| Data extract |

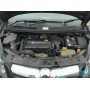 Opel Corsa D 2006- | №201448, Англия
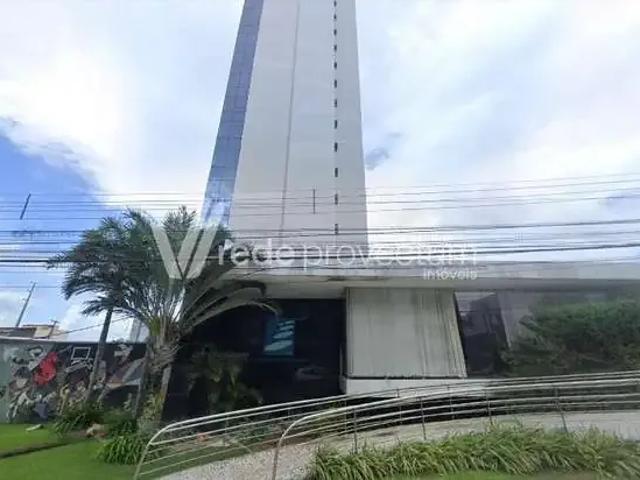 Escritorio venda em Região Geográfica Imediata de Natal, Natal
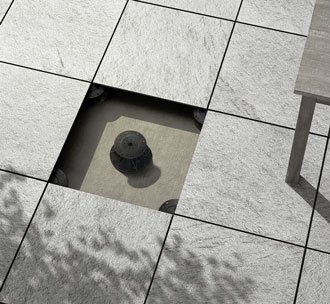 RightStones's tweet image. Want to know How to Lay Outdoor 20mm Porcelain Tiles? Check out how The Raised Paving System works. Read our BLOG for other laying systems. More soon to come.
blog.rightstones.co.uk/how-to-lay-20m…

| Aim of the exercise |
After dropping the pictures, please set down the lines from the beginning of the listing through the line containing "RightStones's tweet image.", both included, exactly as they stand.

| Response to the task |
 Opel Corsa D 2006- | №201448, Англия
 Escritorio venda em Região Geográfica Imediata de Natal, Natal
 RightStones's tweet image. Want to know How to Lay Outdoor 20mm Porcelain Tiles? Check out how The Raised Paving System works. Read our BLOG for other laying systems. More soon to come.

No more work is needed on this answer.